Au commencement de l’année 1873, l’île Penikese, une de celles qui font partie de l’archipel Élisabeth, à l’entrée de la baie Buzzard, appartenait à M. Anderson, riche négociant de New-York. M. Agassiz ayant manifesté, dans un de ses ouvrages, le désir d’établir quelque part sur les bords des États de la nouvelle Angleterre, une École d’histoire naturelle spécialement consacrée à l’étude des animaux marins, M. Anderson écrivit au grand ichthyologiste pour mettre à sa disposition la propriété de ce charmant domaine, dont la valeur était estimée à 2 500 000 francs. Ce généreux donateur, comme on en trouve si peu de ce côté de l’Atlantique, ajoutait à son présent, plus que princier, une somme de 1 250 000 francs en espèces pour construire l’École d’histoire naturelle, et il priait M. Agassiz de vouloir bien en être le fondateur.

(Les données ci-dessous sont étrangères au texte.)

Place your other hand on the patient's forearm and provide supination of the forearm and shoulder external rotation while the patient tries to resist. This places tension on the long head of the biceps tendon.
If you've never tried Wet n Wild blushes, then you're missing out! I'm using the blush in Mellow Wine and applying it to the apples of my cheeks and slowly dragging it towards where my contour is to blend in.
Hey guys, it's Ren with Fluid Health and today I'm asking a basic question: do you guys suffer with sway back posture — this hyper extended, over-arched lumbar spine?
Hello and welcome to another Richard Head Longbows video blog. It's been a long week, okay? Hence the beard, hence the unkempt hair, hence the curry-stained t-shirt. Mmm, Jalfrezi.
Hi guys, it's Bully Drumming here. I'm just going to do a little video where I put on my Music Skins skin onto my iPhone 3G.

L’École d’histoire naturelle Anderson, dirigée par M. Agassiz.

Agassiz, qui avait refusé la direction du Muséum d’histoire naturelle de Paris, proposée par Napoléon III, son ancien élève, répondit favorablement à une offre si inattendue, si honorable, tant pour l’homme généreux qui la faisait que pour le savant qui en était l’objet. Il mit cependant à son adhésion une condition formelle. Il exigea que l’ancien propriétaire de l’île Penikese conservât une maison de campagne dans une presqu’île qui en fait partie.

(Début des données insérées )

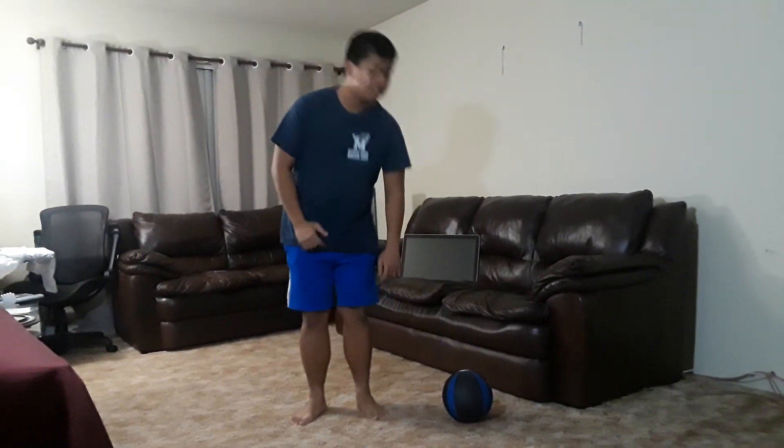Hello everyone, my name is Sigmund and I'm going to be showing you three exercises that you could do at the comfort of your own home. The first exercise is called Medicine Ball Twists.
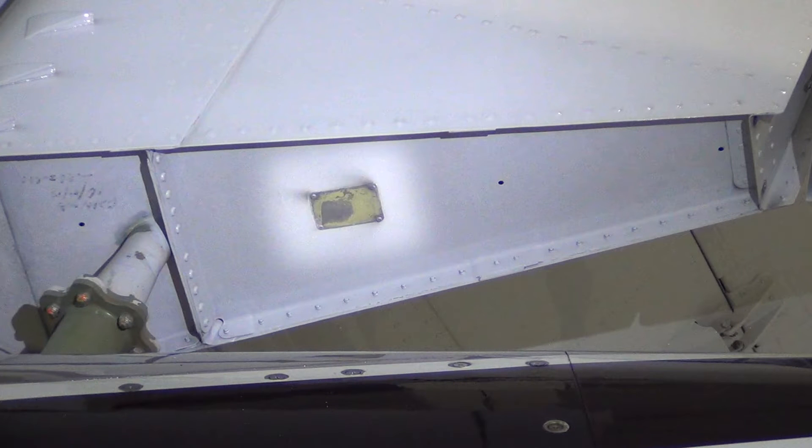The rudder has a data plate that is located on the rudder's bottom rib after the torque tube. There have been a few reports that data plates have been found missing during an inspection. Some have been located in the stinger below the rudder, however most are never found.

M. Anderson ayant souscrit volontiers à cette obligation, un acte en règle de donation fut rédigé et remis à M. Agassiz par M. Anderson en personne. C’est alors seulement que ces deux hommes, dont le nom ne sera point séparé dans l’histoire des sciences, se serrèrent la main pour la première fois, car jusqu’alors ils étaient parfaitement étrangers l’un à l’autre.

Aussitôt cette cérémonie essentielle accomplie, on se mit à l’œuvre pour construire les bâtiments destinés aux élèves, aux collections, aux laboratoires et aux professeurs.

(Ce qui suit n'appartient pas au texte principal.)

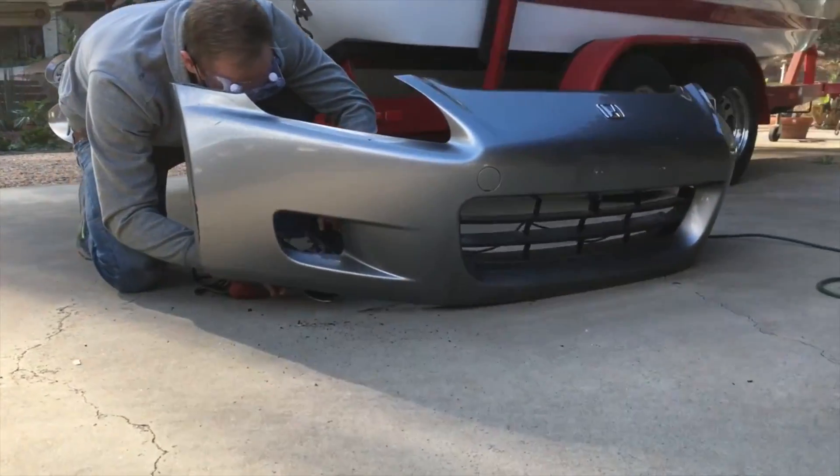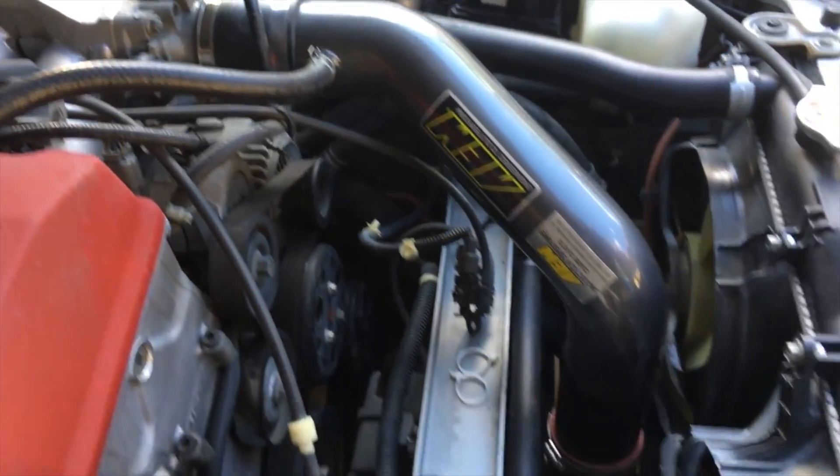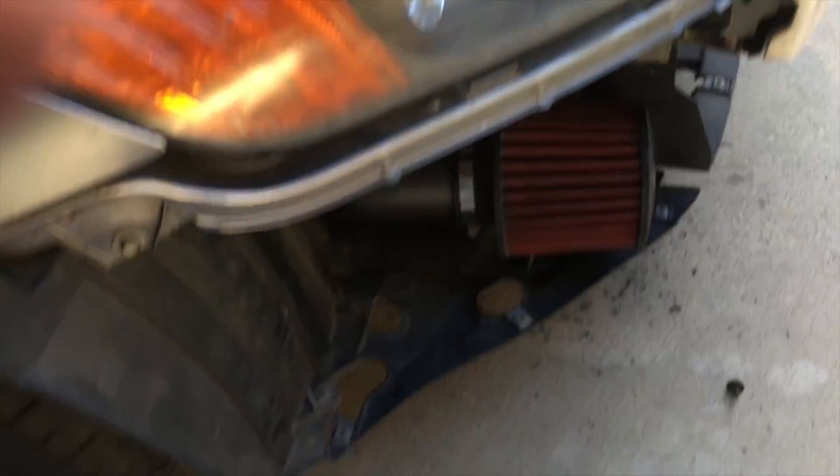I wanted to talk about the modification I made to my AP1 bumper. When I looked at the AP1 bumper, I saw this little scoop on the bottom left portion that looks like a perfect area to ram air into the cold air intake. The AEM intakes come right down into that pocket right in front of the wheel well.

Les constructions, terminées en temps utile pour que les cours de l’été 1873 aient commencé en juillet, sont simples et commodes ; elles sont assez vastes pour recevoir une cinquantaine d’élèves, nombre qui a été considéré comme largement suffisant. Elles se composent d’un édifice à un seul étage, dans le rez-de-chaussée duquel ont été placés les laboratoires et les amphithéâtres. Une aile a été réservée pour le logement du directeur et du corps enseignant.

C’est le 8 juillet, à midi, quatre jours après la célébration du quatre-vingt-dix-septième anniversaire de la déclaration d’indépendance, que l’École a été ouverte par le professeur Agassiz, en présence de M. Anderson, des élèves et de quelques notabilités scientifiques.

Par une coïncidence bizarre, c’était à peu près à la même époque que M. Agassiz, qui était depuis longtemps attaché à l’Académie des sciences de Paris, en qualité de simple correspondant, était nommé un des huit associés étrangers de cette illustre assemblée.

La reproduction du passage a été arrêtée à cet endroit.